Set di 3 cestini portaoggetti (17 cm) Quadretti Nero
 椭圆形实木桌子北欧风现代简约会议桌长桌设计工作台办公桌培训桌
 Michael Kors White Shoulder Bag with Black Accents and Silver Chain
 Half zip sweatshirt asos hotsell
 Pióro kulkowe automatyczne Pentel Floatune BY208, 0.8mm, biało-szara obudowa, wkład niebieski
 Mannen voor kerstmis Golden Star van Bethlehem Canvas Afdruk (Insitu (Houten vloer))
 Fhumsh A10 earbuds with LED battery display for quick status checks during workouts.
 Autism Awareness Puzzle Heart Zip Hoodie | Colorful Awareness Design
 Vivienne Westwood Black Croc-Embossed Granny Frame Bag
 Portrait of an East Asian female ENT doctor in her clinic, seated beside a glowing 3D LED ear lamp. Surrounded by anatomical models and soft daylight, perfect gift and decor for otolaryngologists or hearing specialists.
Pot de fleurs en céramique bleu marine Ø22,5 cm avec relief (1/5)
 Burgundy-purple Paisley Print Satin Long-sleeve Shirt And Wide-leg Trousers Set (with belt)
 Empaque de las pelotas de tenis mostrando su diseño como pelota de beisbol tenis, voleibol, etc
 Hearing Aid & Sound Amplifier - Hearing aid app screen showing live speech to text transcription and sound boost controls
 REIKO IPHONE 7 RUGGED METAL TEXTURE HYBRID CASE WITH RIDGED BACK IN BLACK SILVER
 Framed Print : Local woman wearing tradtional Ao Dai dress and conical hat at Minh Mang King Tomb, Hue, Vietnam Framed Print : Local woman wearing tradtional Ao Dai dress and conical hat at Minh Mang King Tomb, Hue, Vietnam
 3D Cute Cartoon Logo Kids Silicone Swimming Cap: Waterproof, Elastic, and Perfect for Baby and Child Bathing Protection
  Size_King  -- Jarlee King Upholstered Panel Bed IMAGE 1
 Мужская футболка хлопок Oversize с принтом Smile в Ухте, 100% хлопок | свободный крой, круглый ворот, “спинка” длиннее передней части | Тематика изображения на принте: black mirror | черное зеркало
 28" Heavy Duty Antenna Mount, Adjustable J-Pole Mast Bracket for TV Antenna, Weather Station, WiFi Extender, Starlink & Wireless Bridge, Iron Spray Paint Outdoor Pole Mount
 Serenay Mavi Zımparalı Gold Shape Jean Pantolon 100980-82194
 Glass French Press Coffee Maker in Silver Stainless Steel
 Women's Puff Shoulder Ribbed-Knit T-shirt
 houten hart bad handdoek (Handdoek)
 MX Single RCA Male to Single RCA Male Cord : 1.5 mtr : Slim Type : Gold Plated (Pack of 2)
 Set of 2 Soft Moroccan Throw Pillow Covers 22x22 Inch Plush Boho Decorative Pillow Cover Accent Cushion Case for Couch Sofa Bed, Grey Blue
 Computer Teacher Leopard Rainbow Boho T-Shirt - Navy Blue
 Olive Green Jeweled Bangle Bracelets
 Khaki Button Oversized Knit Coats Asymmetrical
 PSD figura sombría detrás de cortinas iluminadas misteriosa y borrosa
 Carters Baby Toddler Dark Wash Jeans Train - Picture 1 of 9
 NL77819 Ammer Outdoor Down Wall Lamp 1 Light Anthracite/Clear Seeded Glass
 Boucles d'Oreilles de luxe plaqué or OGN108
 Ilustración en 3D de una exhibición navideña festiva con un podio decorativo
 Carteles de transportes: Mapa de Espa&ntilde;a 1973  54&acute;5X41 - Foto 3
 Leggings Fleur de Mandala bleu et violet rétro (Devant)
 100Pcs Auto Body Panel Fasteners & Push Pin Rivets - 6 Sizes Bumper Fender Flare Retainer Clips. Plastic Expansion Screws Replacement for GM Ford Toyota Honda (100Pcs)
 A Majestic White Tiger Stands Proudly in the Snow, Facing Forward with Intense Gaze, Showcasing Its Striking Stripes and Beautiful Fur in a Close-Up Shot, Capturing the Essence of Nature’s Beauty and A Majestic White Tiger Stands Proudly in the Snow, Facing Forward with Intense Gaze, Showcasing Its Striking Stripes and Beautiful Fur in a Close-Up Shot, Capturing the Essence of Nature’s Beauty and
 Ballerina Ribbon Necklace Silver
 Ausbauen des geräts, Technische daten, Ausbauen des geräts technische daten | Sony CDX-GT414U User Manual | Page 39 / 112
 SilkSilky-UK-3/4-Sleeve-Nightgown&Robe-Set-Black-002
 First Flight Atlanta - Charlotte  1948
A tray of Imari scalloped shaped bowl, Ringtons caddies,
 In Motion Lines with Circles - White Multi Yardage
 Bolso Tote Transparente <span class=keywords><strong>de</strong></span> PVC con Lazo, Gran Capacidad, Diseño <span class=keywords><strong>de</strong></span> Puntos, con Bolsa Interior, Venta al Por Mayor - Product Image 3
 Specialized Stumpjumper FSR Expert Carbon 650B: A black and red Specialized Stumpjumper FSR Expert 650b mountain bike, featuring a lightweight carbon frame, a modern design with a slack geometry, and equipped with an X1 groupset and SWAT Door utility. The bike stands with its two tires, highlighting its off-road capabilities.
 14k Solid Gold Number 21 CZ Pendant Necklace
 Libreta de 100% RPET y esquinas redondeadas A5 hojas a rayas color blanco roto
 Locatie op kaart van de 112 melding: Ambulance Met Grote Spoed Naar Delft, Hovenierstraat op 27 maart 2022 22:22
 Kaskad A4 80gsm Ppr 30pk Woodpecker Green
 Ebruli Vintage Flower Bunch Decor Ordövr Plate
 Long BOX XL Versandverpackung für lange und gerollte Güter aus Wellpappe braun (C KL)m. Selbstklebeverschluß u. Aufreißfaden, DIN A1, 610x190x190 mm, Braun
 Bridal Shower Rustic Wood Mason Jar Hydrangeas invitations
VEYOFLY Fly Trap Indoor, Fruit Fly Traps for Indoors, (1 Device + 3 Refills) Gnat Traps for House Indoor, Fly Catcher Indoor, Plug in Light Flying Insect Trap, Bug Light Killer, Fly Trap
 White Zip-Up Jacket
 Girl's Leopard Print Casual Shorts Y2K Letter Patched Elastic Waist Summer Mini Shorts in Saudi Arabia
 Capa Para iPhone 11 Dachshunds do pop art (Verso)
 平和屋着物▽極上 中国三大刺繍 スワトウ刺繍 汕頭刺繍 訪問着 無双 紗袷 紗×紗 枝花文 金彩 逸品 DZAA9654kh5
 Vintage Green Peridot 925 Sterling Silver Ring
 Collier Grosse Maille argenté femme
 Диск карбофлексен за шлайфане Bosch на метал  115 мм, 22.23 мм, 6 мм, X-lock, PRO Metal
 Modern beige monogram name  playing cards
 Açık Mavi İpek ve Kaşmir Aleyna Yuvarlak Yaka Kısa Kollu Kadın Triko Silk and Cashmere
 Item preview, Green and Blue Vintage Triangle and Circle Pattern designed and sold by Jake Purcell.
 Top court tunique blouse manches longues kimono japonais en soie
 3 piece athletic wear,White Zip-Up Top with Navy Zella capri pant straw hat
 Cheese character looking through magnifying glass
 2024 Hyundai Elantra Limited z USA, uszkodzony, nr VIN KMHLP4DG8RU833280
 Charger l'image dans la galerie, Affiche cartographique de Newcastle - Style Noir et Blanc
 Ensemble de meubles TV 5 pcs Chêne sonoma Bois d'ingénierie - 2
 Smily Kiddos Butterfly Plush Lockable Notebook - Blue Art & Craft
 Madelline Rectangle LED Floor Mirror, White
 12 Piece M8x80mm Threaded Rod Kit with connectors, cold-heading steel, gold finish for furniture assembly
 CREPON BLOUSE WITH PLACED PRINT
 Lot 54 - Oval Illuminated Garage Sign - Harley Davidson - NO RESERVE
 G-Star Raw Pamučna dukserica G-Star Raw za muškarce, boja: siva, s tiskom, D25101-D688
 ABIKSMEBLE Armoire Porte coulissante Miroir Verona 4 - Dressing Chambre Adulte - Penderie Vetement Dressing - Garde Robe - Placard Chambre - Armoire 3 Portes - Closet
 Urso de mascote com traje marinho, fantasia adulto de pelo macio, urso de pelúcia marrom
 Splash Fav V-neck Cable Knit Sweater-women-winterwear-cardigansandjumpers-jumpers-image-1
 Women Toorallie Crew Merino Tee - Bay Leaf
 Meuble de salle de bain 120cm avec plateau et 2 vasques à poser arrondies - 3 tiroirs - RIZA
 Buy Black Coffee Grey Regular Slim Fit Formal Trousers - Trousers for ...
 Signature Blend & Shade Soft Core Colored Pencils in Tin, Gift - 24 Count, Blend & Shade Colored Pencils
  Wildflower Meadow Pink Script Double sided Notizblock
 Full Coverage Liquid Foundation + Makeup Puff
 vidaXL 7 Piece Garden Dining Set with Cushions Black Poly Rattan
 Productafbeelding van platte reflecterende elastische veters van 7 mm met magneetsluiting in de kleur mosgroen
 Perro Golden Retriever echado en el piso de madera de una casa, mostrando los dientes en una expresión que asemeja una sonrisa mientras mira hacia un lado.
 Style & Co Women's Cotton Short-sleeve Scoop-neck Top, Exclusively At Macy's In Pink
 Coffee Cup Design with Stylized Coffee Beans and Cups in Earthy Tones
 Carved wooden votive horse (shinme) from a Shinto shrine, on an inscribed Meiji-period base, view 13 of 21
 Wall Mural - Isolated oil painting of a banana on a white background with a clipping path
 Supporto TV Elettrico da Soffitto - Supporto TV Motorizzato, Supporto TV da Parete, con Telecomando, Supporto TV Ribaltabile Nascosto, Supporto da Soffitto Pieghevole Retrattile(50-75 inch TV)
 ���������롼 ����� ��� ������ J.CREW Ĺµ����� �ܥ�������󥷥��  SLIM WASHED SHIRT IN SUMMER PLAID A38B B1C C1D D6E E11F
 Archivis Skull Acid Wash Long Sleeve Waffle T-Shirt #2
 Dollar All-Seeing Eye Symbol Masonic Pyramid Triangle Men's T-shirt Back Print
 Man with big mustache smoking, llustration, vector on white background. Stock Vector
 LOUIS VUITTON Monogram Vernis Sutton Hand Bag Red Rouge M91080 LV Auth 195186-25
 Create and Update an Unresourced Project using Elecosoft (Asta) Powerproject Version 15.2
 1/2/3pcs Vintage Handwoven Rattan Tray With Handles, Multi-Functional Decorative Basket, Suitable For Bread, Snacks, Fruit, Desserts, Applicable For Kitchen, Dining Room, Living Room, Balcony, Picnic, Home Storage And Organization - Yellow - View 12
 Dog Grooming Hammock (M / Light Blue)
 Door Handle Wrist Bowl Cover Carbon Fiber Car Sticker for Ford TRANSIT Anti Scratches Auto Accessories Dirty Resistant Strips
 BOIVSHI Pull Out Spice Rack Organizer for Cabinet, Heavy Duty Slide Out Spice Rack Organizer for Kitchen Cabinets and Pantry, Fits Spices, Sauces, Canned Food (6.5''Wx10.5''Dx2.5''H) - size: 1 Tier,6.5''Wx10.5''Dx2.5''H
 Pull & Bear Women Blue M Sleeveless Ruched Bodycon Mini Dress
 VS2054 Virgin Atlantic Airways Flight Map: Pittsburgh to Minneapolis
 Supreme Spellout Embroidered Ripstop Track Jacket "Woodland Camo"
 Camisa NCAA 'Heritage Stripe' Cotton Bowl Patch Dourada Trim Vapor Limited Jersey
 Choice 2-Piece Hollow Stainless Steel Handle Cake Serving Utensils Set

━━━━━━

◆ **Work required**
Your answer must be the lines above from the one containing "Kaskad A4 80gsm Ppr 30pk Woodpecker Green" to the one containing "Bridal Shower Rustic", both included, restated word for word.

◆ **Answer**
 Kaskad A4 80gsm Ppr 30pk Woodpecker Green
 Ebruli Vintage Flower Bunch Decor Ordövr Plate
 Long BOX XL Versandverpackung für lange und gerollte Güter aus Wellpappe braun (C KL)m. Selbstklebeverschluß u. Aufreißfaden, DIN A1, 610x190x190 mm, Braun
 Bridal Shower Rustic Wood Mason Jar Hydrangeas invitations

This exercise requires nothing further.